PANOPTES
panoptes-d636a93f

HE/29

humaneval · code

This is one (task, candidate response) pair flowing through the full PANOPTES pipeline. Each section below is a stage of the analysis: the task itself, the candidate solution being evaluated, every judge's score + rationale, the sampling-pass dispersion that captures within-judge noise, and the uncertainty-quantification metrics computed on top.

mean score
1.000
inter-judge spread
0.000
judges polled
2
sampling draws
10
1. the task

The function signature + docstring presented to both the model under test and to every judge.

from typing import List


def filter_by_prefix(strings: List[str], prefix: str) -> List[str]:
    """ Filter an input list of strings only for ones that start with a given prefix.
    >>> filter_by_prefix([], 'a')
    []
    >>> filter_by_prefix(['abc', 'bcd', 'cde', 'array'], 'a')
    ['abc', 'array']
    """
2. the candidate response judged

The full solution every judge is grading. For these runs the candidate is the reference solution prepended with the task signature so it parses as a complete program.

from typing import List


def filter_by_prefix(strings: List[str], prefix: str) -> List[str]:
    """ Filter an input list of strings only for ones that start with a given prefix.
    >>> filter_by_prefix([], 'a')
    []
    >>> filter_by_prefix(['abc', 'bcd', 'cde', 'array'], 'a')
    ['abc', 'array']
    """
    return [x for x in strings if x.startswith(prefix)]
3a. point-pass scores (temperature 0)

One call per judge at temperature=0. This is the "best single guess" each judge has. Disagreement here is structural. The judges literally see this candidate differently.

claude-sonnet
1.000
$0.0071
gpt-4o-mini
1.000
$0.0002
3b. sampling-pass dispersion (temperature 1)
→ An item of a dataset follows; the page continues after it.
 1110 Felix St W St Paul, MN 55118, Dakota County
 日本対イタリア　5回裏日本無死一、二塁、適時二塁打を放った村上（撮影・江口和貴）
n draws per judge at temperature=1. Dots are individual draws; vertical bar is the mean; shaded band is ±1σ. Wide band = the judge is uncertain even with itself; narrow band = it's consistent.

4. uncertainty quantification

Three statistical methods computed on top of the raw scores above. Each one tells you something different about how much to trust the headline number.

decomposition
aggregate (all judges)
Var = 0.00e+0
total predictive variance, 2 judges
aleatoric (irreducible)
0.00e+0
epistemic (reducible)
0.00e+0
self-consistency
gpt-4o-mini
1.000[1.000, 1.000]
posterior mean · 90% Bayesian-bootstrap CI
variance: 0.00e+0
n samples: 5
self-consistency
claude-sonnet
1.000[1.000, 1.000]
posterior mean · 90% Bayesian-bootstrap CI
variance: 0.00e+0
n samples: 5
semantic-entropy
gpt-4o-mini
H = 0.000/ log 51.609
1 semantic cluster via bidirectional NLI
entropy as fraction of max
cluster sizes
c1=5
semantic-entropy
claude-sonnet
H = 0.000/ log 51.609
1 semantic cluster via bidirectional NLI
entropy as fraction of max
cluster sizes
c1=5

How to read these: self-consistency = does the judge agree with itself when resampled? Narrower CI means more consistent. Semantic entropy = do the judge's rationales cluster into one meaning, or several? Higher entropy means the judge is internally conflicted about why. Decomposition = how much of the total variance comes from within-judge sampling noise (aleatoric, hard to fix) vs between-judge disagreement (epistemic, fixable by calling more judges).

5. judge rationales

The natural-language explanation each judge gave alongside its score. These are produced via tool-use structured output, so the score and the rationale are guaranteed to come from the same forward pass.

claude-sonnet
score 1.000 · 1780 tokens · 4869ms

The solution correctly implements the filter_by_prefix function using a list comprehension with Python's built-in `str.startswith()` method. It handles the empty list edge case (returns []), the canonical example correctly (['abc', 'array']), and would handle other edge cases like empty prefix (returns all strings), single-character prefix, or strings shorter than the prefix. The code is idiomatic, concise, and clear.

gpt-4o-mini
score 1.000 · 889 tokens · 3228ms

The candidate solution correctly implements the function to filter strings by the given prefix, passing both the provided examples and plausible edge cases, such as an empty input list. The code is idiomatic and clear, using a list comprehension effectively.